Some mutations in BMP15 and GDF9 have alternative phenotypes depending on whether they are heterozygous or homozygous (carried as one or two copies respectively). Increased ovulation rates occur in heterozygous carriers of the mutations as described above. In contrast, homozygous carriers with two copies of the loss-of-function mutations in BMP15 and GDF9 in sheep have streak ovaries and are completely infertile.54 These genes are candidates for infertility in women and studies in women with primary ovarian insufficiency (POI), also known as premature ovarian failure (POF), have identified mutations in both genes associated with POI.55 Confirmation through segregation studies is difficult in families with infertility disorders, but molecular and functional studies for several of these variants suggest loss-of-function effects consistent with the view that two functional copies of BMP15 are required for an adequate ovarian reserve in women.55 Low-frequency variants in GDF9 are associated with increased risk for DZ twinning in women heterozygous for these variants.56 Similar studies found no evidence that rare and low-frequency variants in BMP15 influence DZ twinning.57 Mutation screening of BMPR1B in mothers of DZ twins identified a coding variant (p.Gln294Glu) altering the same amino acid as a sheep BMPR1B functional variant.58 This mutation was not seen in other families and is of unknown significance.

Rare and low-frequency variants account for only a small proportion of variation in DZ twinning.56 In a search for common genetic variants influencing DZ twinning, a GWAS in 1980 mothers of spontaneous DZ twins and 12,953 controls identified significant association with DZ twinning for SNPs close to Follicle-Stimulating Hormone Beta Subunit (FSHB) and SMAD Family Member 3 (SMAD3).59 The risk alleles for the SNPs close to FSHB and SMAD3 increased the frequency of twin births in the Icelandic population by 18 and 9%, respectively.

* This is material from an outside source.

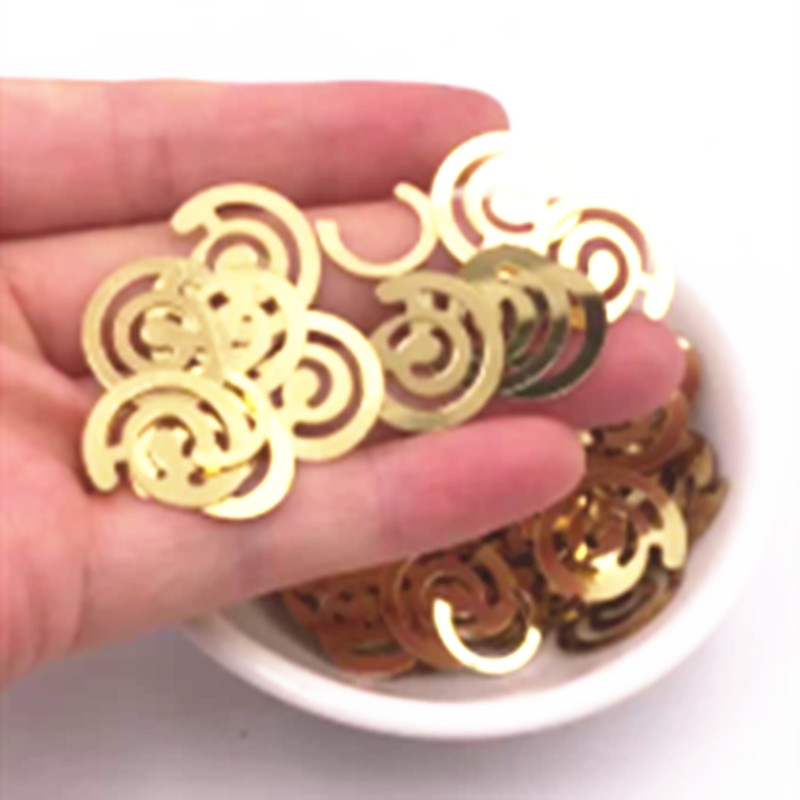 10g/iepakojumā 15mm sequin zelta krāsa gliemeža formas vizuļi PVC paletes Šūšana Kāzu amatniecība DIY apģērbs Lentejuelas aksesuāri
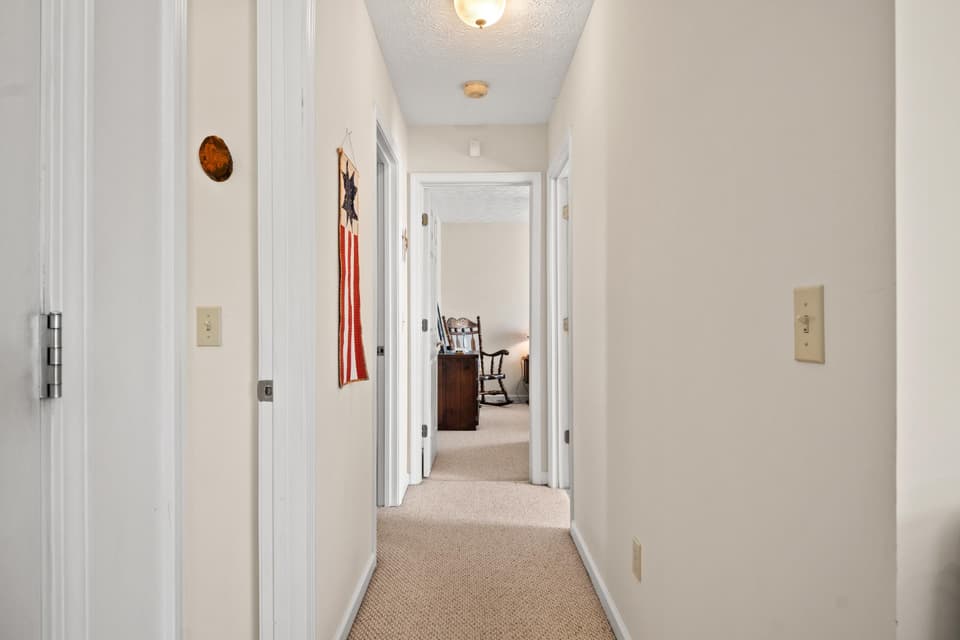 700 Warren Court, photo 17 of 40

The lead SNP associated with DZ twinning on chromosome 15 maps to the first intron of SMAD3, strongly expressed in the human ovary, where it promotes granulosa cell proliferation and steroidogenesis.59 The region of chromosome 15q22.33 also includes SMAD Family Member 6 (SMAD6). A major gene increasing ovulation rate and twinning in cattle maps to the equivalent genomic region on bovine chromosome 10 (the location of both SMAD3 and SMAD6).60 Recent analysis of gene expression in granulosa cells from carriers and non-carriers of the cattle gene demonstrated a six-fold increase in expression of SMAD6 in gene carriers.61 SMAD6 is an inhibitor of BMP/SMAD signalling and over-expression of SMAD6 is consistent with loss-of-function mutations in BMP signalling increasing ovulation rate in sheep. Further research is required to determine whether variants associated with DZ twinning on chromosome 15 act through effects on SMAD3, SMAD6 or some other mechanism.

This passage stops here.